§ **Exercise details**
What is needed is an exact copy of every entry, without the pictures.

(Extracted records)
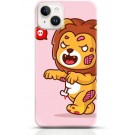 Lion iPhone 15 Plus case Style 1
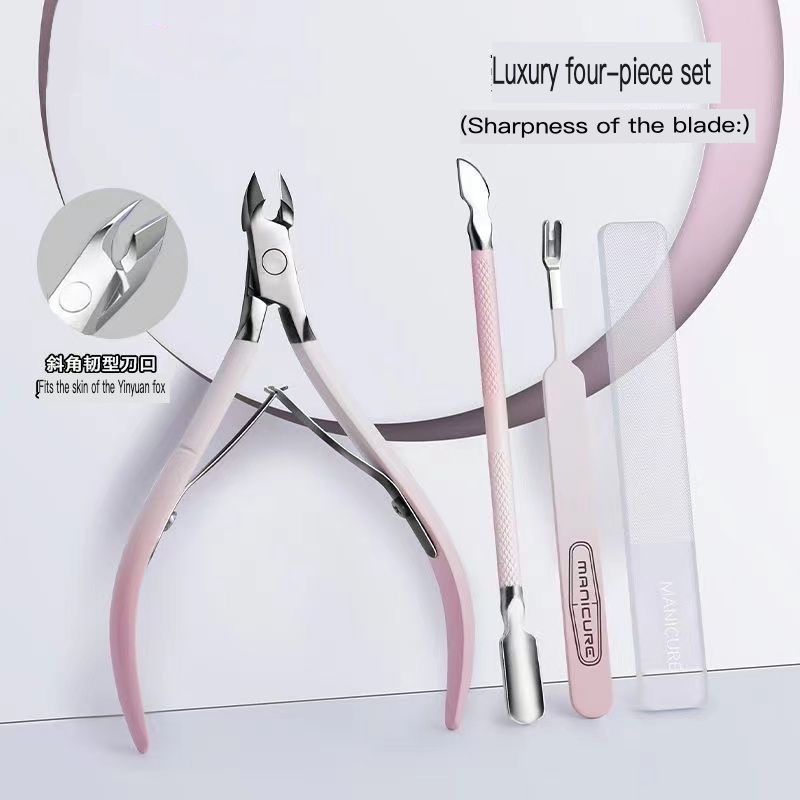 Nail Care Kit Mens - Portable Nail Care Kit for Men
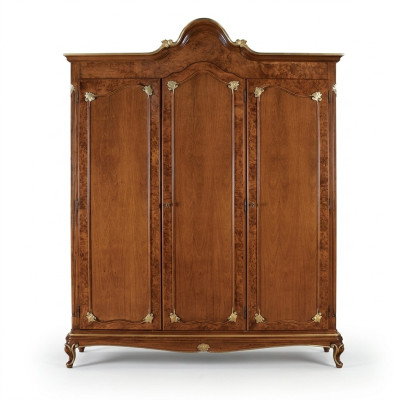 Wardrobe Wooden Cabinet Closet Solid Bedroom Furniture Wood Solid Wood New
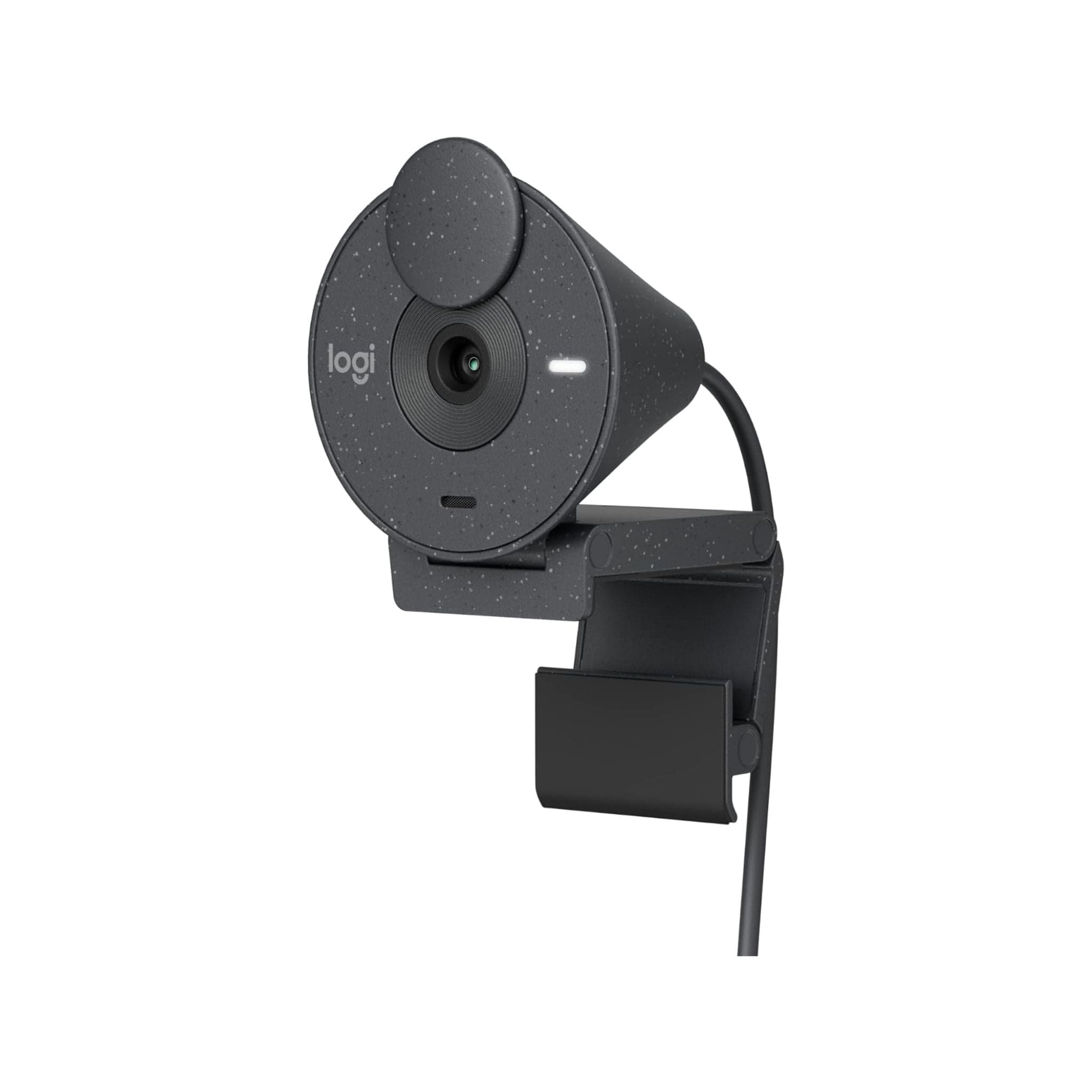 Logitech Webcam Logitech Brio 300 A 1080p webcam with auto light correction, noise-reducing mic, and USB-C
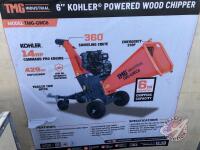 Wood chipper shredder Kolher 6'', New, K80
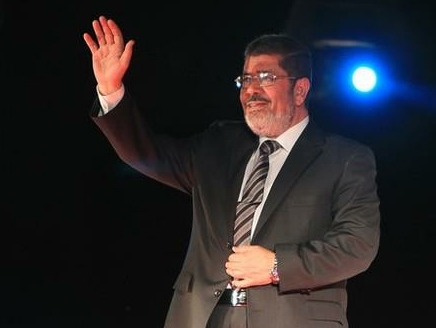 المرشح الرئاسي محمد مرسي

§ **Your response**
 Lion iPhone 15 Plus case Style 1
 Nail Care Kit Mens - Portable Nail Care Kit for Men
 Wardrobe Wooden Cabinet Closet Solid Bedroom Furniture Wood Solid Wood New
 Logitech Webcam Logitech Brio 300 A 1080p webcam with auto light correction, noise-reducing mic, and USB-C
 Wood chipper shredder Kolher 6'', New, K80
 المرشح الرئاسي محمد مرسي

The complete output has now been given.